A report published by the Royal United Services Institute (RUSI) strongly recommends the use of artificial intelligence (AI) by British spying agencies to counter a range of threats posed by the adversaries.
RUSI was recently commissioned by the Government Communications Headquarters (GCHQ), Britain's main intelligence and security organisation, to conduct a study into the use of AI technology for national security purposes.
To carry out the study, experts from RUSI conducted an in-depth consultation with various stakeholders from across the British national security community as well as legal and academic experts, private sector firms, and civil society representatives.
The study has found that AI technology offers lots of opportunities for the UK national security community to strengthen efficiency and effectiveness of existing processes.
The report says that adversaries of UK are likely to use AI technology in future to launch attacks against the British political system as well as its cyber space.

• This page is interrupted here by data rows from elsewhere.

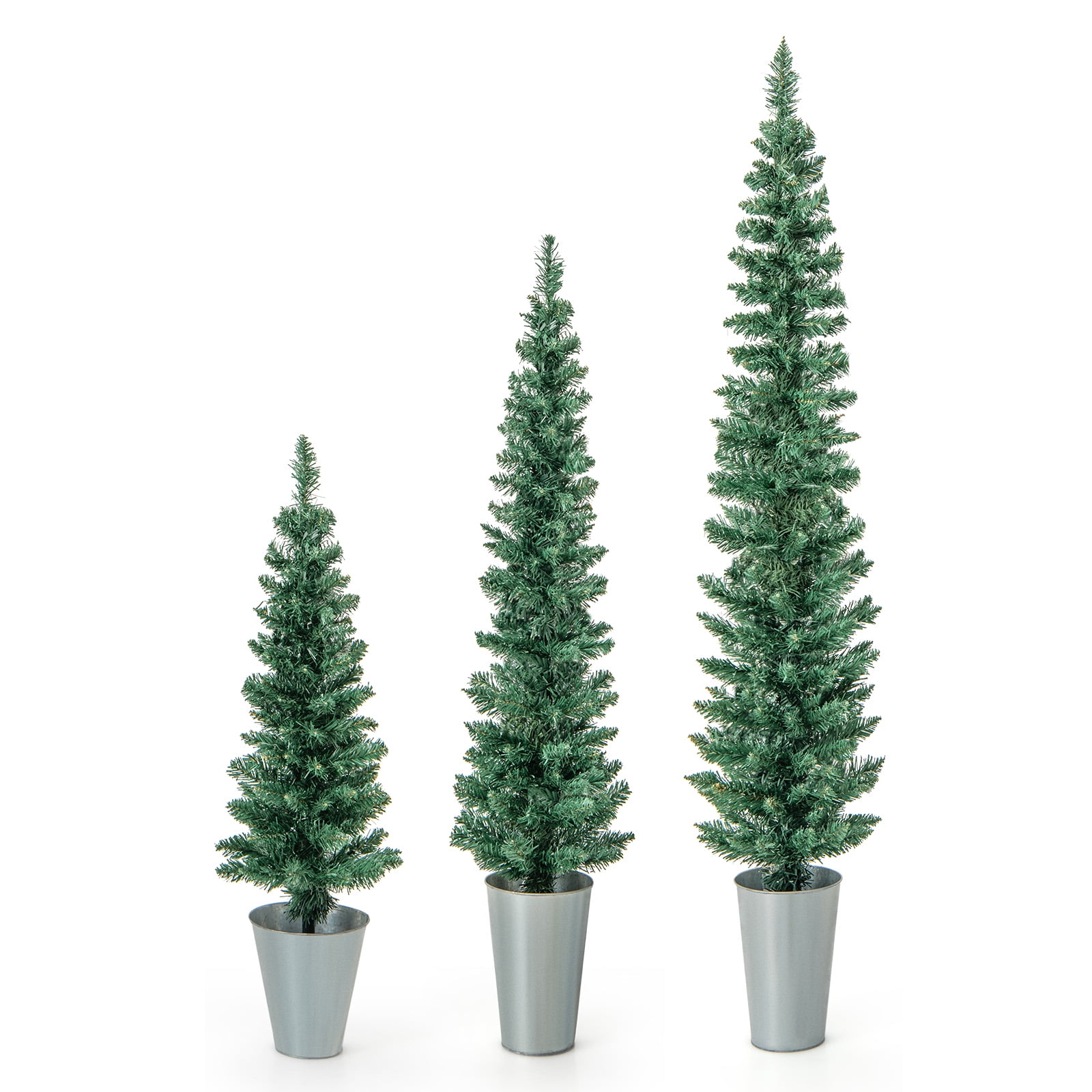 Topbuy 3' \u0026 4' \u0026 5' Potted Artificial Christmas Tree Set of 3 Pencil Xmas  Trees w/ 120 \u0026 140 \u0026 160 Branch Tips - Walmart Business Supplies, image size:1600x1600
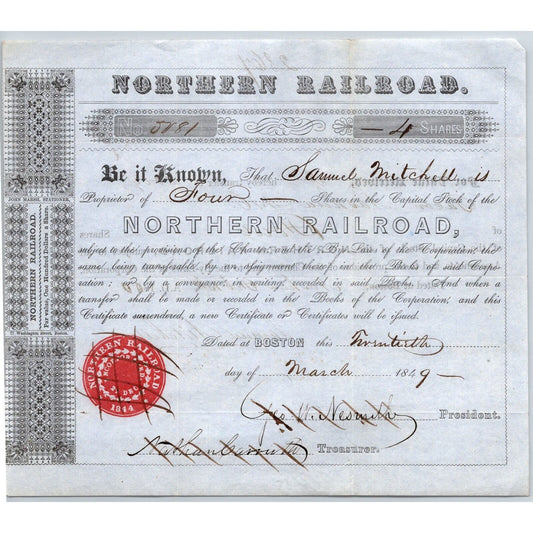 1849 Boston, MA Northern Railroad Stock Certificate No. 5081 ? for 4 Shares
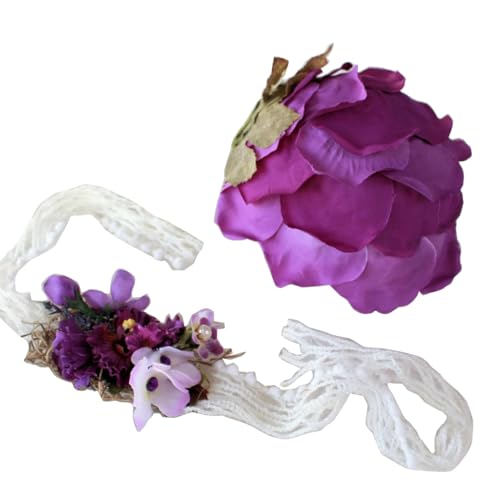 Schöne Foto-Requisiten für Neugeborene, Blumen-Haarband mit Hintern, Set für Jungen und Mädchen, Fotoshooting-Requisiten für 0–3 Monate alte Babys von Shntig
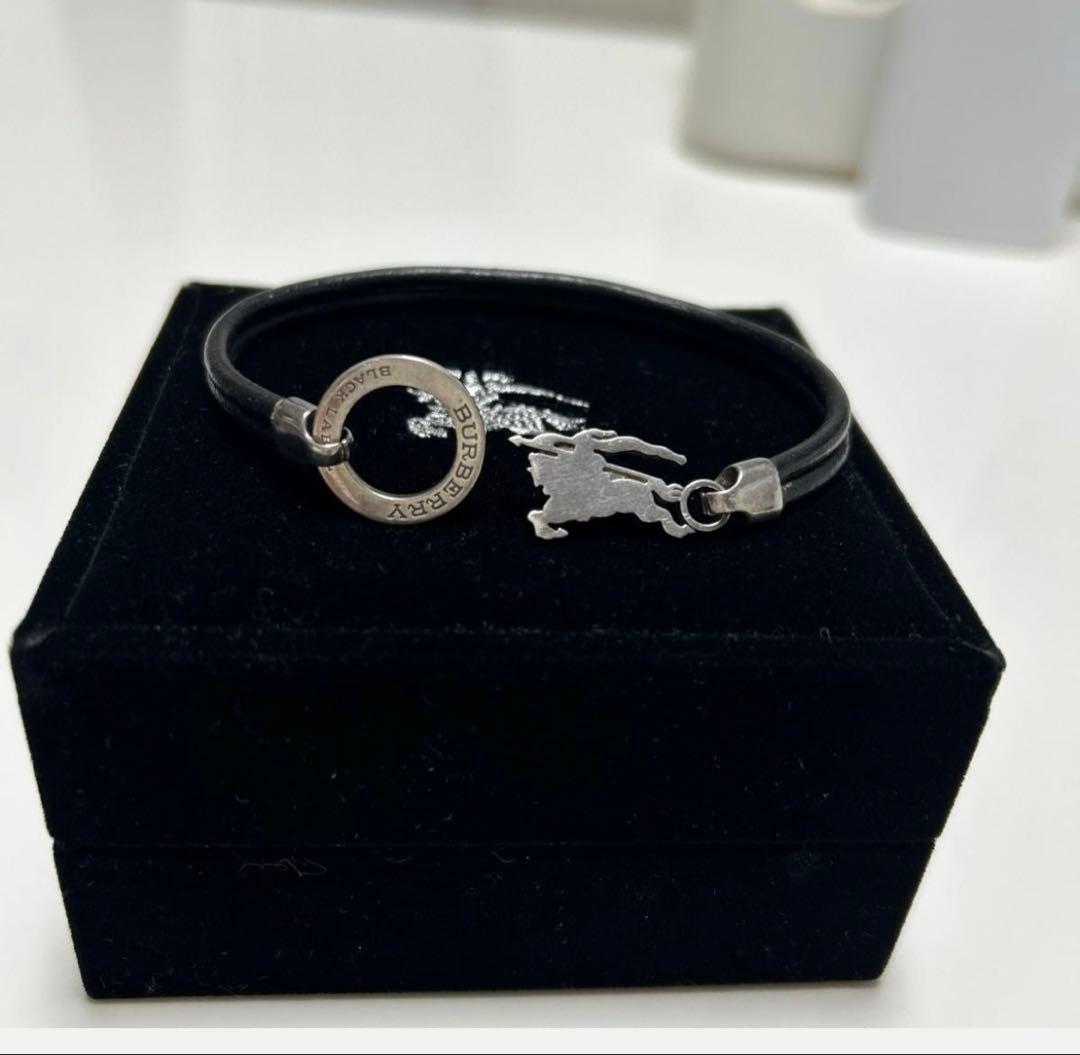 バーバリー ブラックレーベルバングル シルバー925 ブレスレットメンズ 純銀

State-backed or other threat groups could use deep fake video and images in targeted campaigns to influence public opinion during elections in Britain country. To create such deep fakes, they will take the help of AI and various other technologies that will enable them to imitate the face and voice of a real person.
Moreover, state-backed cyber actors could also launch attacks to completely disrupt systems handling confidential and sensitive data.
In addition, there is the also possibility of attackers using drones to carry out terrorist activities on British soil.
The British intelligence community should try to discover new AI-based defence measures to counter such threats posed by the adversaries, the report suggests.
But, AI technology will not be able to predict if an adversary is about to conduct a serious crime, against Britain. Therefore, AI is unlikely to replace human judgement, according to experts.
The deployment of AI by intelligence agencies may also require new guidelines to ensure that any intrusion into privacy is necessary and proportionate.
"While AI offers numerous opportunities for UKIC to improve the efficiency and effectiveness of existing processes, these new capabilities raise additional privacy and human rights considerations which would need to be assessed within the existing legal and regulatory framework," the report says.
"Addressing these concerns is a high priority for the national security community."